START DATA PROVIDED

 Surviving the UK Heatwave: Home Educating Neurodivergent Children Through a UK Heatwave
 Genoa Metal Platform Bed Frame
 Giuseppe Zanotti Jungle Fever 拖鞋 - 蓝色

END DATA PROVIDED
START DATA PROVIDED

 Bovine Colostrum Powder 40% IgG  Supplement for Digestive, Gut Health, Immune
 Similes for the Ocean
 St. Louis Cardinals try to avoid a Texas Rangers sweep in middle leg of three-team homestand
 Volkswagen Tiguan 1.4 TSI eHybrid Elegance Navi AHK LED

END DATA PROVIDED

**DESCRIPTION OF THE TASK:** In the listing above, find the line with "Genoa Metal Platform Bed Frame" and the line with "Giuseppe Zanotti Jungle Fever 拖鞋 - 蓝色". Output those two lines and every line between them, exactly as written.

**ANSWER SPACE:**
 Genoa Metal Platform Bed Frame
 Giuseppe Zanotti Jungle Fever 拖鞋 - 蓝色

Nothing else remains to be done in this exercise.